Cuando crecía, la propia Nora no había pensado detenidamente sino en el escalofrío que producían aquellas nítidas huellas que terminaban de forma abrupta. La historia estaba imbuida de una realidad emocional, una confirmación de lo que siempre había presentido en secreto: que su propia existencia tenía algo tentativo, algo endeble. Recordaba que cuando su padre la mandaba fuera de casa para ocuparse de alguna tarea después del anochecer (la basura que había olvidado tirar, el aspersor que no había apagado), la idea de aquella vieja historia se extendía sobre su piel mientras titubeaba en la puerta, con la creciente certidumbre, al adentrarse en la noche, de que nunca regresaría de su misión.

Incluso ahora, sentada a solas en su habitación, recordar la historia le produce una sensación de desasosiego. Comprueba su reloj de muñeca: son las seis y cuarenta minutos de la madrugada; no es el momento de ponerse supersticiosa y melindrosa. Pero no obstante, el silencio se le antoja inquietante de repente, y aparta la colcha y descalza, en camisón, se dirige furtivamente a la puerta, que apenas está entreabierta lo suficiente para que resulte incómodo, para que se sienta como si hubiese alguien espiando el interior.

Pero no hay nadie, por supuesto. El pasillo está desierto; aún falta casi una hora para el desayuno y puede que la calma sea incluso normal. Muchas internas duermen tanto que apenas parece que estén vivas. Doce o quince horas al día, según sus cálculos. Hay una chica en particular, «Ursula», que ha suscitado el interés vagamente científico de Nora: Ursula se presenta a la hora del almuerzo y de la cena, aturdida, con los ojos entrecerrados, tambaleándose con su enorme barriga como si fuese un manatí. Nora sospecha que está encinta de un bebé de proporciones grotescas o de gemelos, pero el hecho es que Ursula parece capaz de dormir en cualquier parte. Se sienta en la sala de la televisión, con sus gruesos muslos separados y la boca entreabierta, y a veces dormita en la cafetería, encima de la comida, cabeceando con el cuchillo y el tenedor suspendidos sobre el plato. En una ocasión, mientras estaban en fila para salir a ver una película, Nora la vio dormida de pie, esperando a que le entregasen su anillo de latón, descansando la mejilla sobre el hombro, parpadeando irregularmente, arrastrando los pies hacia delante en respuesta a los movimientos de las demás chicas. A veces Nora desearía ser como ella, sobreponerse a los terribles meses que se avecinan en una especie de coma.

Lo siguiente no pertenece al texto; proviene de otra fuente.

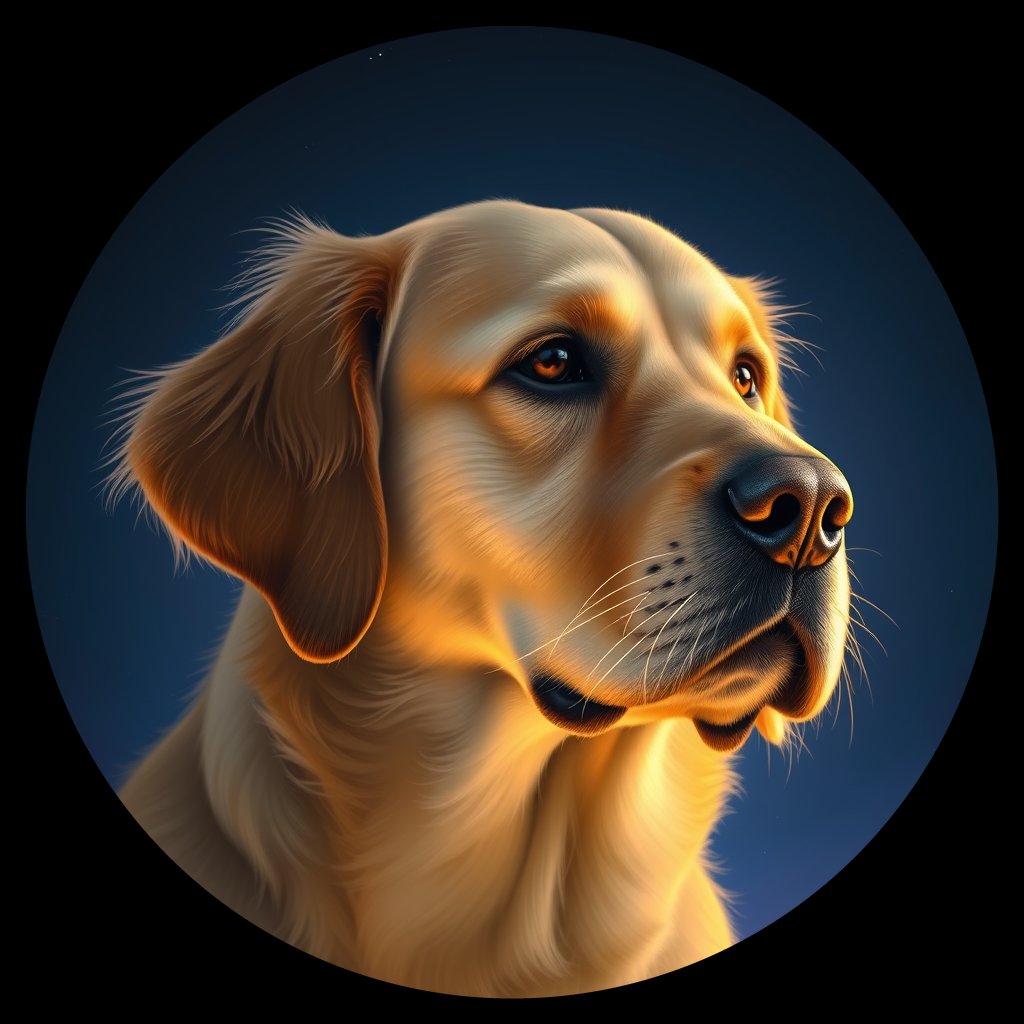 Cosmic medallion portrait of GRLS_grls4NY92R33, a Golden Retriever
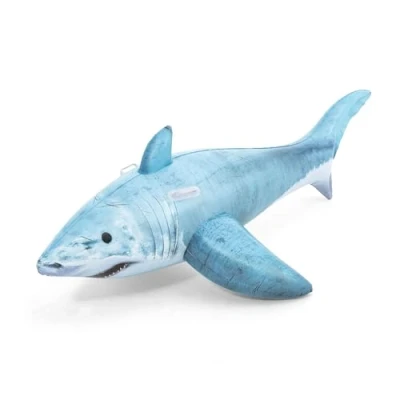 Image of Bestway Realistic Shark Pool Float, Kids Inflatable Ride On with Handles, Swimming and Beach Toy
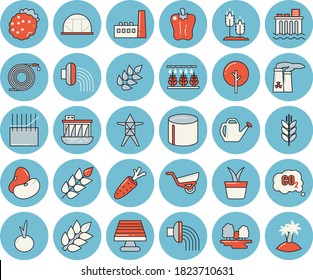 Thin line blue tinted icon set - ear flat vector, legumes, onion, bell pepper, blackberry, home plant, carrot, tree, sprinkling machine, hose, watering can, irrigation, garden wheelbarrow, forest
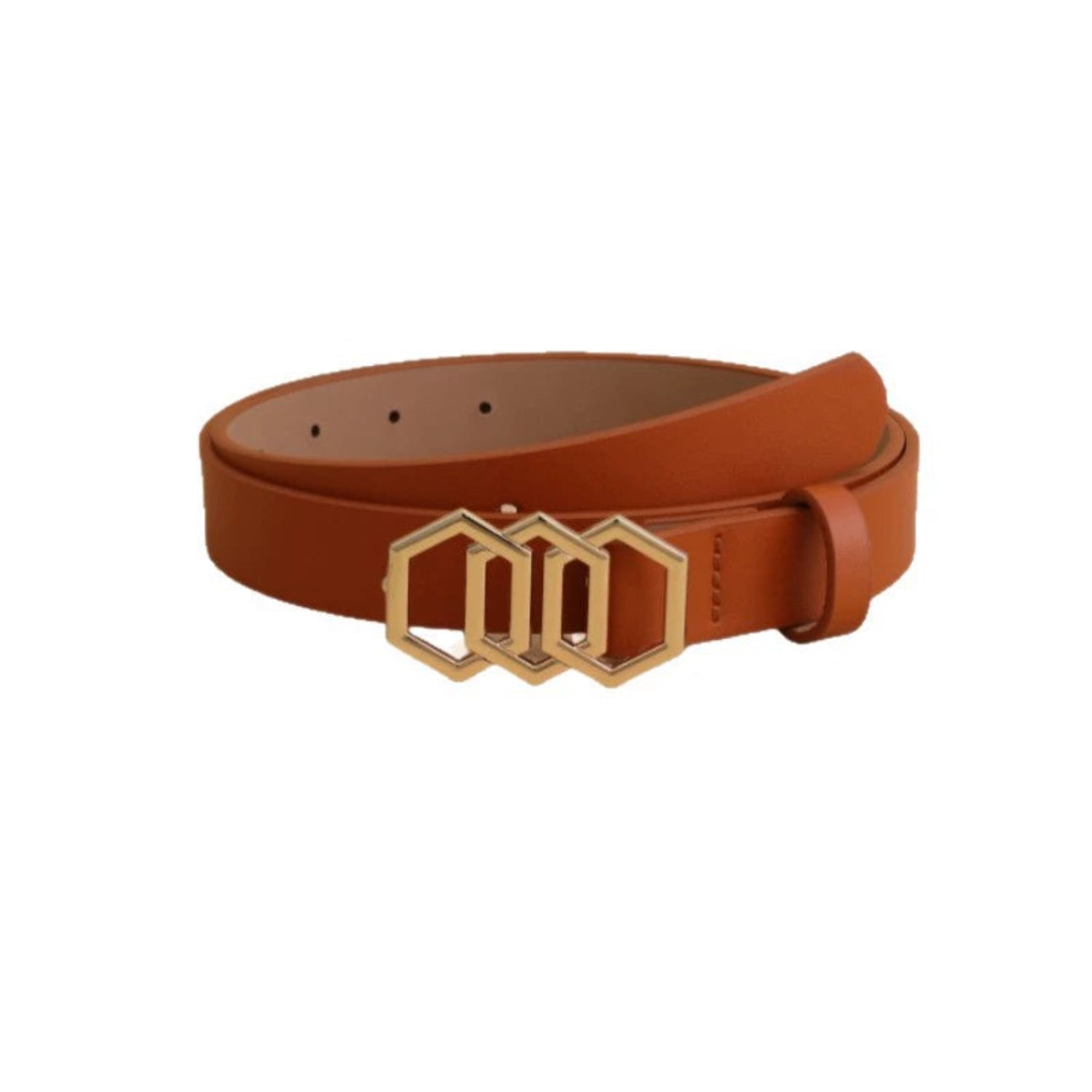Triple Hexagon Buckle Cognac Belt JLTHB0298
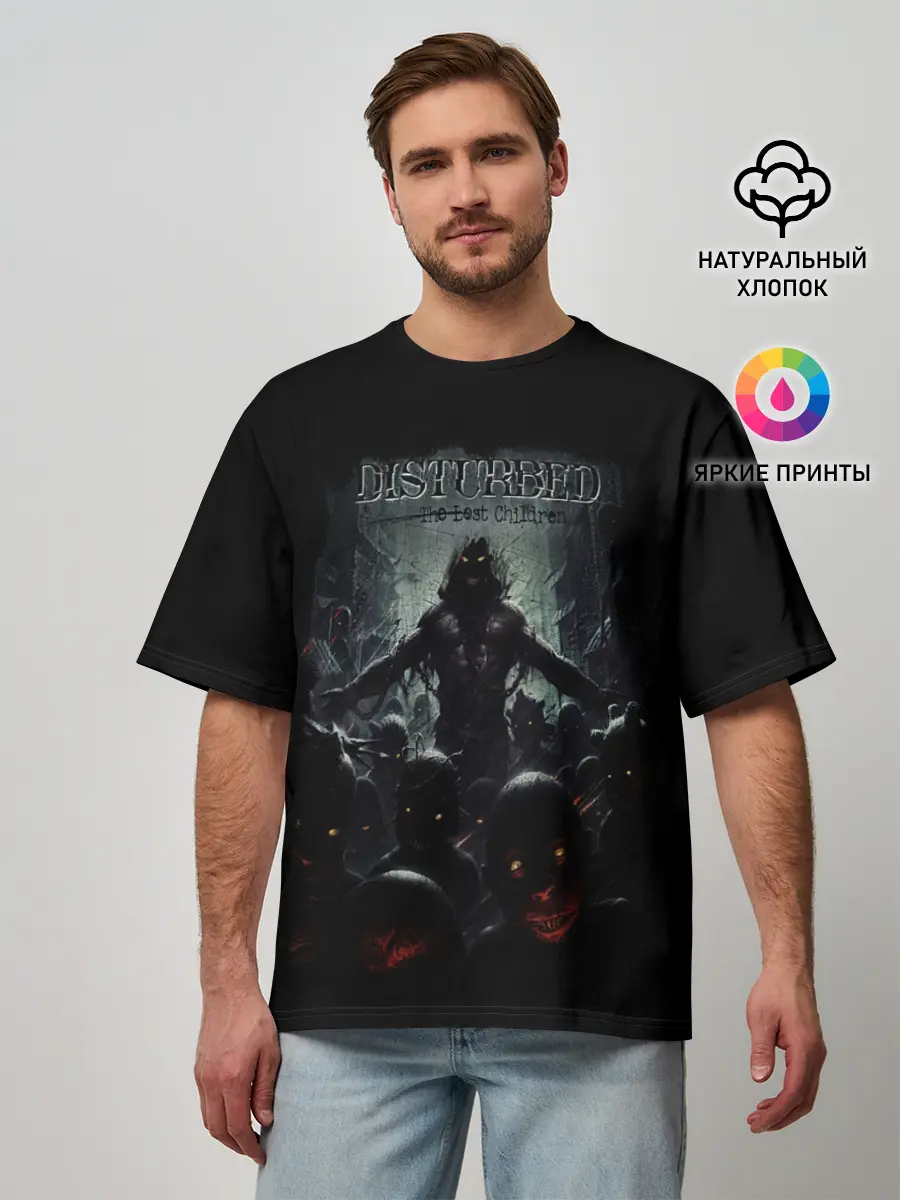 Мужская футболка оверсайз / DISTURBED
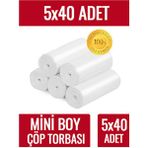 Naft Mini Boy Çöp Torbası 40'lı 5 Rulo 40X50 Küçük Boyutlu Koku Yapmayan Poşet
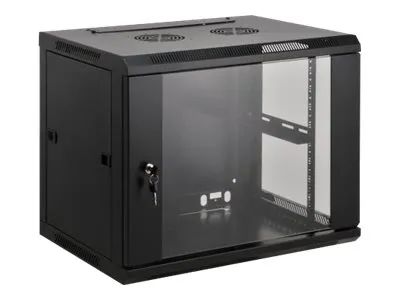 Intellinet Network Cabinet, Wall Mount (Standard), 12U, Usable Depth 500mm/Width 540mm, Black, Assembled, Max 60kg, Metal & Glass Door, Back Panel, Removeable Sides,Suitable also for use on desk or floor,19",Parts for wall install (eg screws/rawl plu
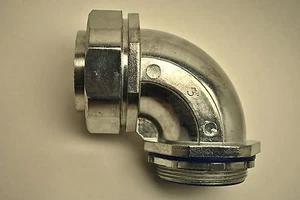 3" Die Cast 90° Liquid Tight / Seal Tight Connector W/Insulated Throat UL Listed - Picture 1 of 5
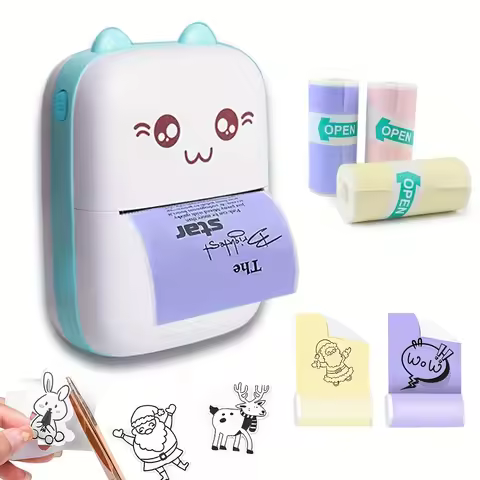 Mini Printer, Inkless Sticker Maker, Free Cut Small Pocket Printer, Wireless Mini Sticker Printer, P
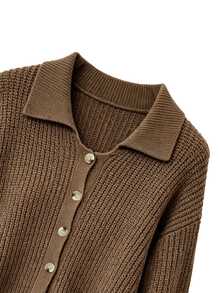 SHEIN Franclia Cardigan Rajut Kerah Elegan Wanita Musim Gugur/Dingin, Sweater Lengan Panjang Kancing Tunggal Warna Polos, Cocok untuk Perjalanan Sehari-hari, Jalan-jalan, dan Acara Lainnya - Coklat - View 6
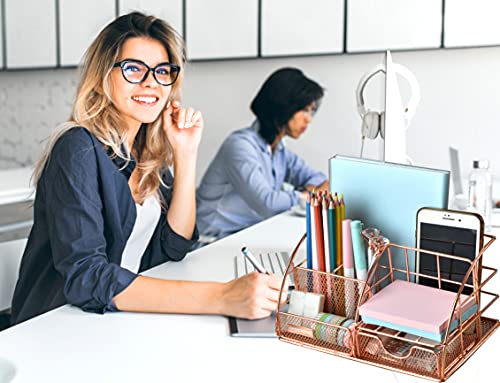 Rose Gold Desk Organizer for Women, AUPSEN Mesh Office Supplies Desk  Accessories, Features 5 Compartments + 1 Mini Sliding Drawer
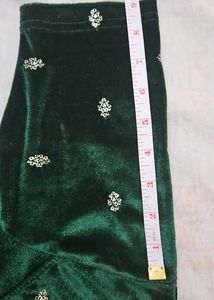 Green Velvet Embellished Blouse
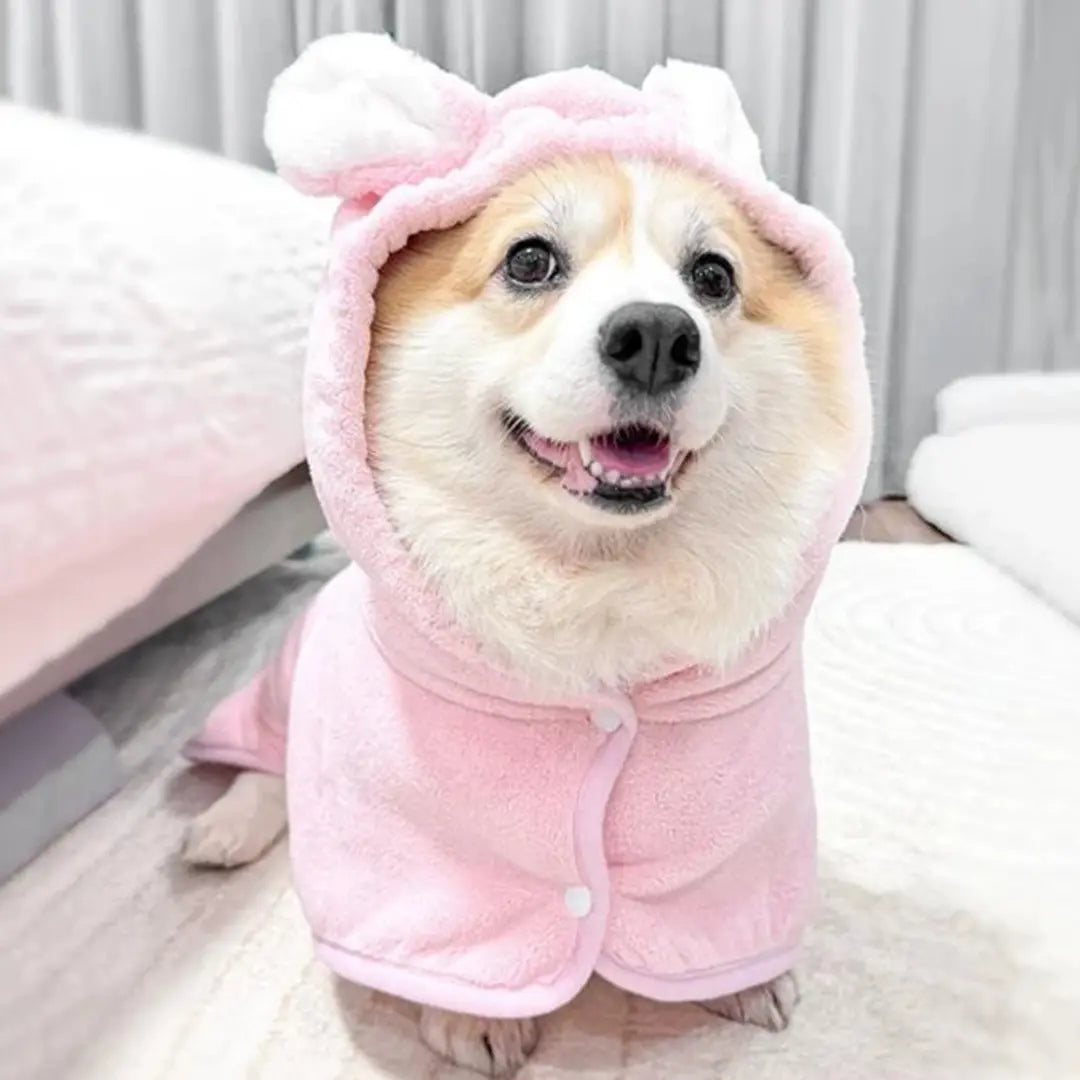 Dog Drying Coat for Dogs & Cats, Hooded Quick-Dry Bathrobe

Pero las cosas no funcionan de ese modo. Siempre que cierra los ojos, hay algo brillante que la rodea, así como los escarabajos de mayo se precipitan contra las bombillas, describiendo círculos vacilantes para estrellarse contra la pared de la casa y desplomarse sobre su espalda, emitiendo un frenético zumbido. Le asaltan pensamientos sobre la muchacha moribunda de El coleccionista , sobre las restantes internas de la residencia, sobre Dominique, Ursula y la desaparecida Maris, sobre su propio futuro inimaginable. Se sienta ante el escritorio de su habitación intentando dibujar caras en un pedazo de papel, chicas con los ojos grandes y los labios fruncidos que desfilan luciendo conjuntos contemporáneos.